___ Materials provided

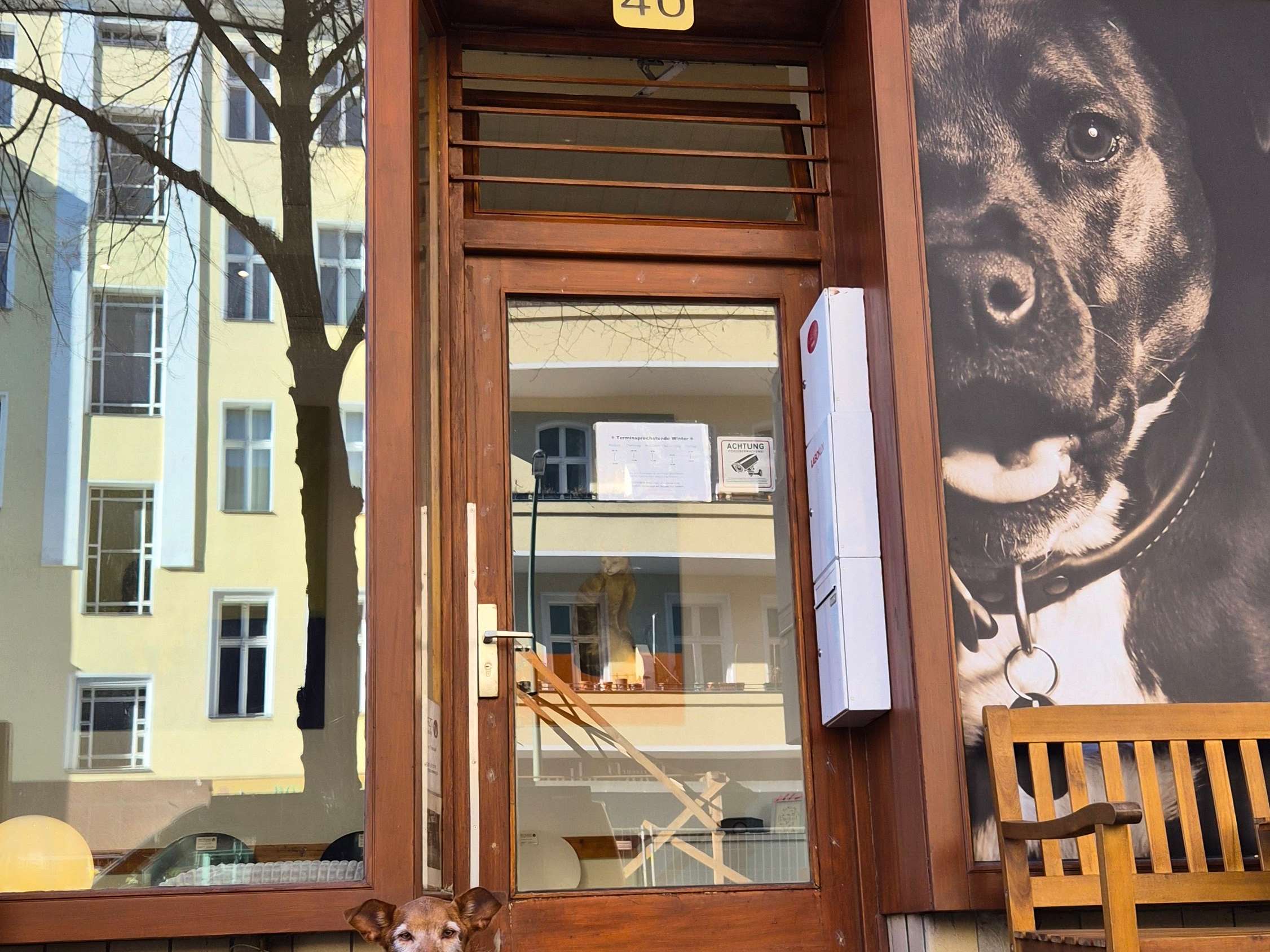 Ansicht 2 von DER TIERARZT Dr. Theobald in Schöneberg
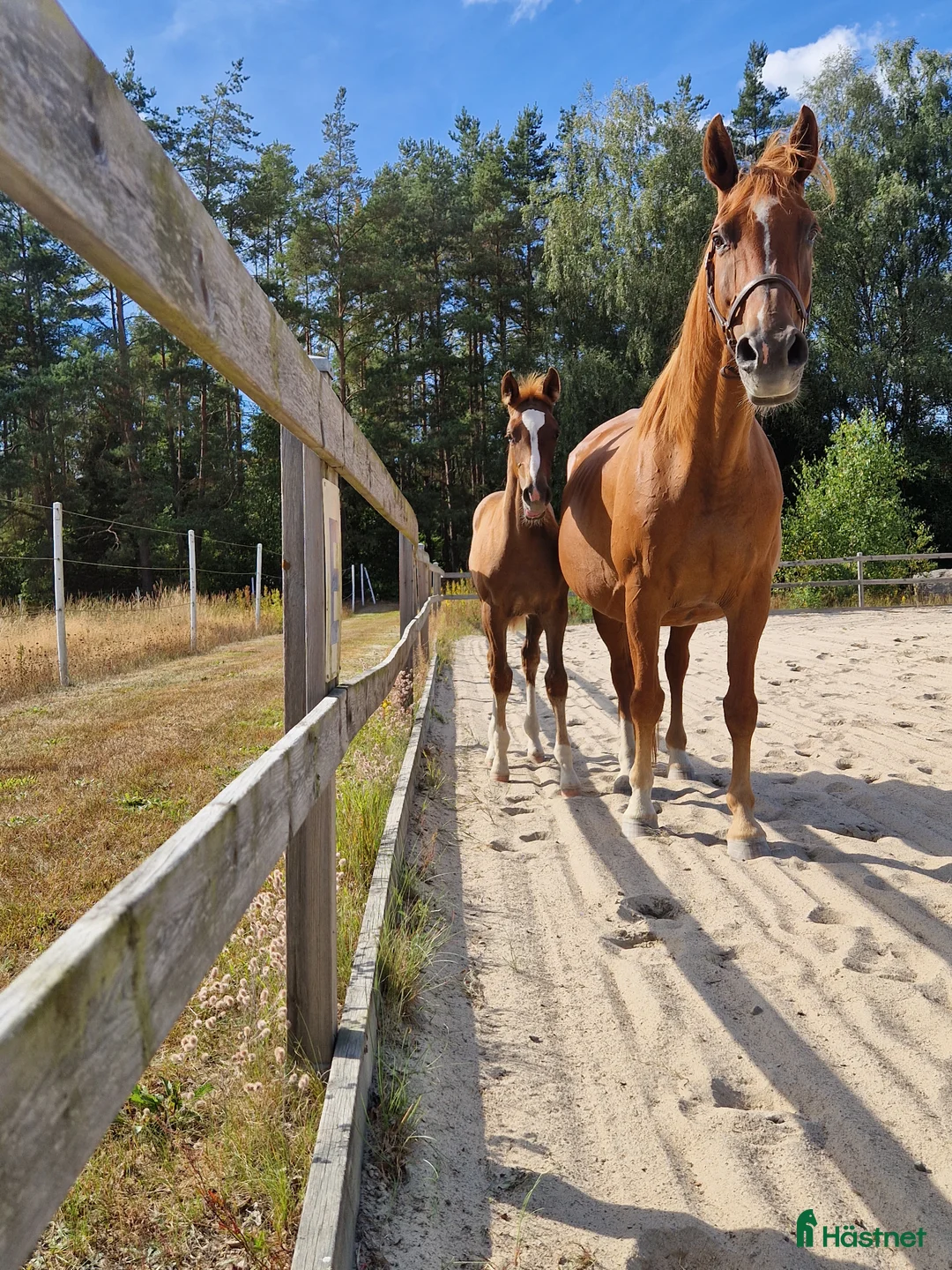 Hoppning hästar till salu: Framtids stjärna  i Hässleholm - Annons 4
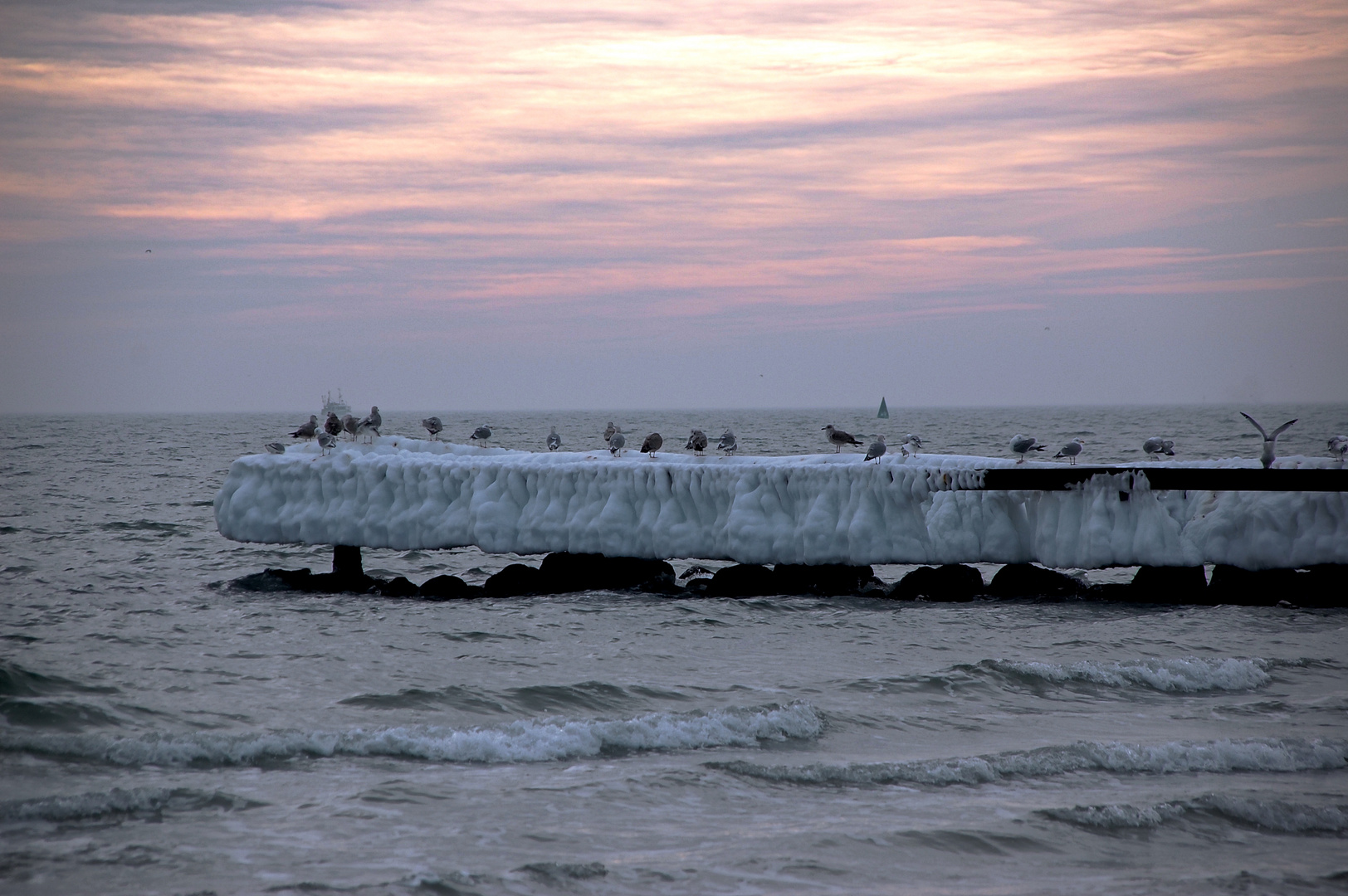 Strandspaziergang im Winter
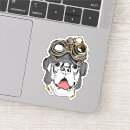 Search for goggles stickers Pet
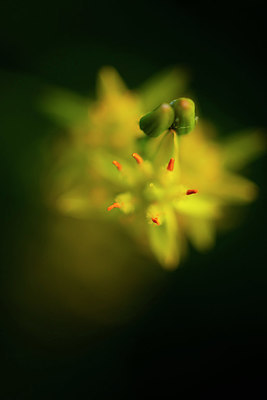 BUITEN BEELD Foto: 335778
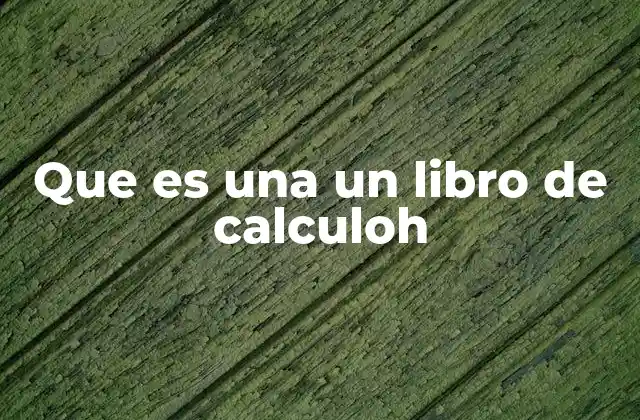 Que es una un Libro de Calculoh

______

• About this task: Your task is to restate word for word the lines from the one containing "Strandspaziergang im Winter" through the last line of the data, both ends included, with no pictures.

• Result for this exercise:
 Strandspaziergang im Winter
 Search for goggles stickers Pet
 BUITEN BEELD Foto: 335778
 Que es una un Libro de Calculoh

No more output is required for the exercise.